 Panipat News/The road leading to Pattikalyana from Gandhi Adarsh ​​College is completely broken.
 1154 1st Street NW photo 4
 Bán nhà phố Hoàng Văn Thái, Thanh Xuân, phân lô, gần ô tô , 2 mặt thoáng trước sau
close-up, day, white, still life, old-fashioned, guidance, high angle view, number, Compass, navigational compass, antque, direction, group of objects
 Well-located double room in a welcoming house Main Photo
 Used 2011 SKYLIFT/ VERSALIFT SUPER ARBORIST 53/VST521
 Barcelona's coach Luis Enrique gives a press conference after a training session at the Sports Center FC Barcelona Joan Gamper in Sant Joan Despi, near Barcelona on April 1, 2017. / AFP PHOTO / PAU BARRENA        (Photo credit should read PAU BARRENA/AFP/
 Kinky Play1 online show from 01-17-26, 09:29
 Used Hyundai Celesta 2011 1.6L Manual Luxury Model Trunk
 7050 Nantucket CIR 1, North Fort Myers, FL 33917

^^^^

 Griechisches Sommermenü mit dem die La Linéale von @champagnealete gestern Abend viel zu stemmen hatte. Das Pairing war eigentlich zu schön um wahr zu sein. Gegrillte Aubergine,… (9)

^^^^

* [Work to complete]
From the line containing "Panipat News/The road" down to the line containing "7050 Nantucket CIR" in the material above, reproduce every line exactly, including the two end lines.

* [Expected answer]
 Panipat News/The road leading to Pattikalyana from Gandhi Adarsh ​​College is completely broken.
 1154 1st Street NW photo 4
 Bán nhà phố Hoàng Văn Thái, Thanh Xuân, phân lô, gần ô tô , 2 mặt thoáng trước sau
close-up, day, white, still life, old-fashioned, guidance, high angle view, number, Compass, navigational compass, antque, direction, group of objects
 Well-located double room in a welcoming house Main Photo
 Used 2011 SKYLIFT/ VERSALIFT SUPER ARBORIST 53/VST521
 Barcelona's coach Luis Enrique gives a press conference after a training session at the Sports Center FC Barcelona Joan Gamper in Sant Joan Despi, near Barcelona on April 1, 2017. / AFP PHOTO / PAU BARRENA        (Photo credit should read PAU BARRENA/AFP/
 Kinky Play1 online show from 01-17-26, 09:29
 Used Hyundai Celesta 2011 1.6L Manual Luxury Model Trunk
 7050 Nantucket CIR 1, North Fort Myers, FL 33917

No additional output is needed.